All of the entries below, duplicated exactly, make up the answer.

------------------------------

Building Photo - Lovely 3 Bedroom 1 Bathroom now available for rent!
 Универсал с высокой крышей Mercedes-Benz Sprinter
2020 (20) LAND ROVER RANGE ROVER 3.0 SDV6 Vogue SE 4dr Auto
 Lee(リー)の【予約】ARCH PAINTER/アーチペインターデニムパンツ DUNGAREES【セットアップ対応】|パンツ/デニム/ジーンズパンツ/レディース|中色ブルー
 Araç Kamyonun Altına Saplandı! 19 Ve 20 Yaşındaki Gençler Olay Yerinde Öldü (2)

------------------------------

> Response for this exercise
Building Photo - Lovely 3 Bedroom 1 Bathroom now available for rent!
 Универсал с высокой крышей Mercedes-Benz Sprinter
2020 (20) LAND ROVER RANGE ROVER 3.0 SDV6 Vogue SE 4dr Auto
 Lee(リー)の【予約】ARCH PAINTER/アーチペインターデニムパンツ DUNGAREES【セットアップ対応】|パンツ/デニム/ジーンズパンツ/レディース|中色ブルー
 Araç Kamyonun Altına Saplandı! 19 Ve 20 Yaşındaki Gençler Olay Yerinde Öldü (2)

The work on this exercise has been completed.